十二郎半跪在一张古琴面前,他木簪束发,青衣长衫,双手轻搭在琴弦上,举止还算优美,可神情却是苦不堪言。
赵念卿坐得离他约莫丈许,面前铺就了一张宣纸,她皓腕微抬,正在执笔作画,漫不经心道:“催什么?本宫还没有画完呢。”
十二郎忍不住道:“殿下,您已经画了一个半时辰了,想来已经有些累了,不若休息一番?”
赵念卿悠悠道:“十二郎容姿出众,画你本宫甘之如饴,并不觉得累。”
十二郎欲哭无泪,“可是殿下……之前小人陪您喝了不少酒,实在是……”
赵念卿一抬眸,语气里藏着不悦,“实在是什么?”
实在是想出去小解啊!十二郎心说。
可他一看到赵念卿这幽冷的目光,便又只得将话咽了回去。
赵念卿见他老实了,便继续一笔一划地描着画中人。
其实,就算她不看十二郎,也知道自己要画成什么样子。
画中的男子着了一袭青衫,跪坐于天地之间,他身后依山傍水,手边有一张琴,一壶酒,似乎只要有琴音美酒相伴,他便能安度此生。
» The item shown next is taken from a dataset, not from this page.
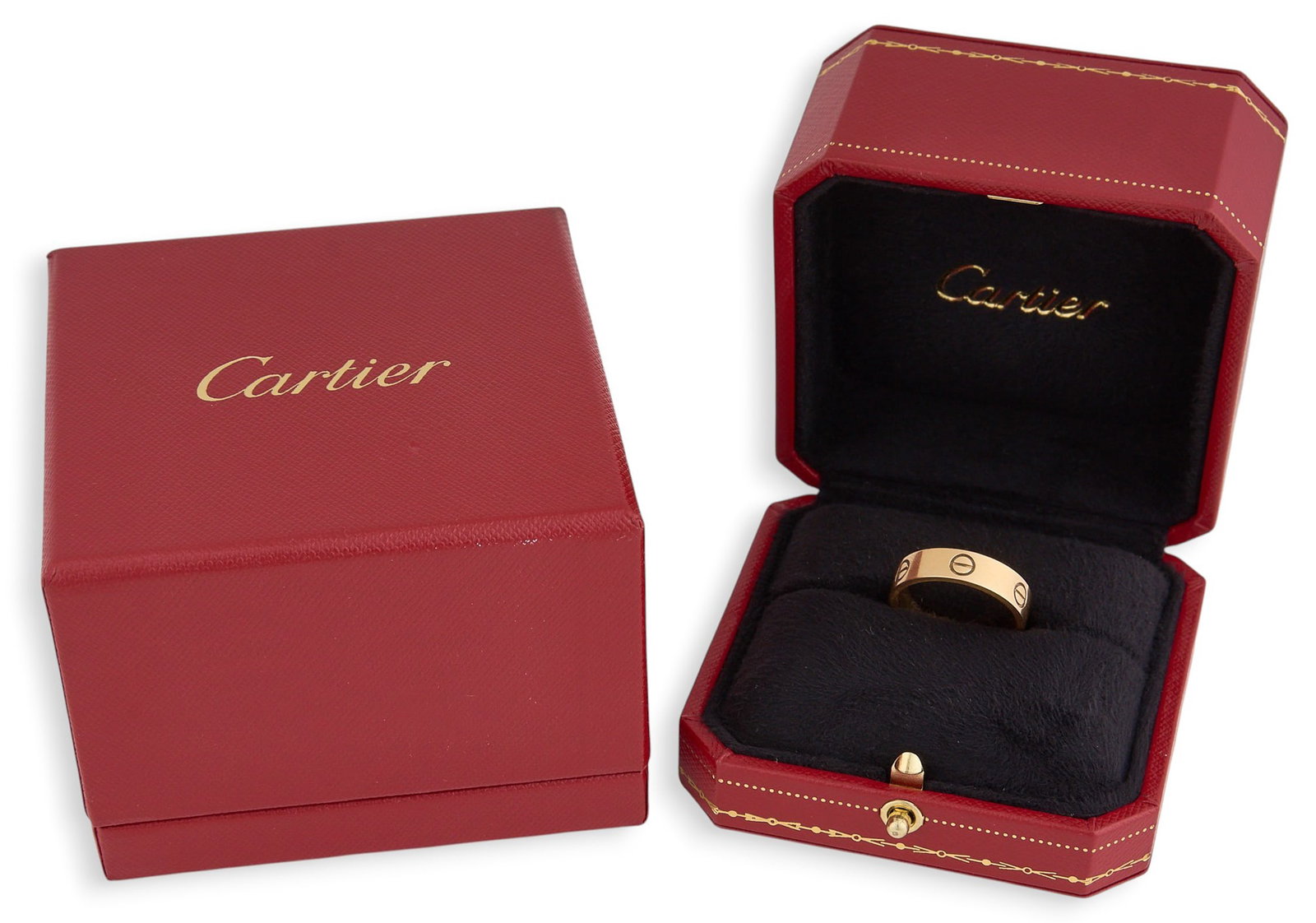 Cartier Love Ring: Cartier 18K yellow gold Love Ring, classic model, marked "Cartier 60 CDC575 Au750", with original box Size: 9 Total weight: 6.6 g Provenance: Property from the collection of an industrial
一切都画好了,可那男子的五官却还空着,十二郎见赵念卿踌躇许久不肯下笔,这才忍不住催了催。
谁承想,这一催,却让赵念卿彻底扔了笔,目光扫过十二郎,道:“你说得对,本宫累了,需要休息,等会儿再画。”
十二郎如蒙大赦,忙道:“那小人可否先出去方便方便?”
“自然不能。”赵念卿干脆利落地拒绝了他,道:“你若动了,那便和本宫画得不一样了。”
十二郎:“……”
就在这时,竹心挑帘进来,她冲赵念卿一福身,道:“殿下,太子妃求见。”
赵念卿似是有些意外,问:“她一个人来的?”
竹心颔首,“是。”
赵念卿思量了片刻,一指十二郎,“你先出去吧,让太子妃进来。”
十二郎立即起身,可因为跪得太久,腿都已经麻了,他好像生怕赵念卿后悔似的,急得连滚带爬地出了门。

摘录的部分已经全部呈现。